Factors that lead to calf tears may include:
  • age (older athletes are more at risk),
  • Lack of calf strength or endurance
  • Lack of sports-specific training (ie, starting to play touch football without any speed or agility training)
  • Previous injury. As recurrence is a likely outcome, it is essential that subjects are given an appropriate strength and conditioning program to facilitate return to activity and minimise the chance of re-injury.

Treatment of a calf tear 

Initially, your physiotherapist will give you a clear diagnosis regarding which muscle is torn and how badly. They will then give you an indication of how long it will take to return to sport or your chosen activity. A plan should then outline the following:
  • Initial management- Active rest. Whilst the area needs to be protected in the acute stage it is important to keep the area moving within pain free limits.

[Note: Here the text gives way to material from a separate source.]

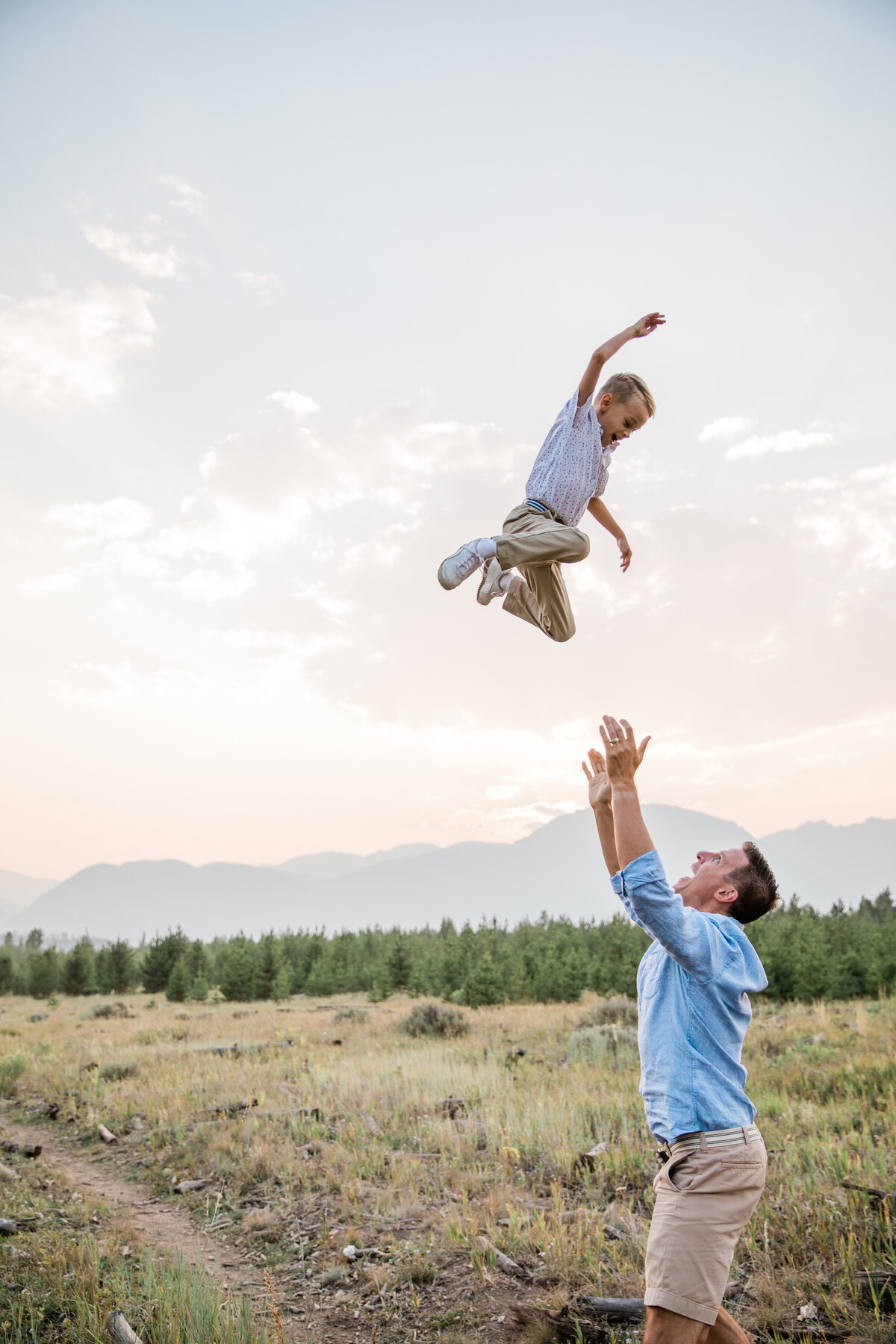 A dad throws his young son playfully in the air. They are smiling with mountains behind them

    • Ice Therapy– 10 minutes on with a 20 minute rest break as often as you can
    • Compression-use a compressive sleeve or taping from the ankle up to the knee
    • Early intervention– The sooner the healing process begins, the better the recovery
  • Strengthening—a progressive program of exercises to regain the strength of the calf.
  • Running—a graduated program to build speed, agility, sport-specific skills and then return to training and finally sport.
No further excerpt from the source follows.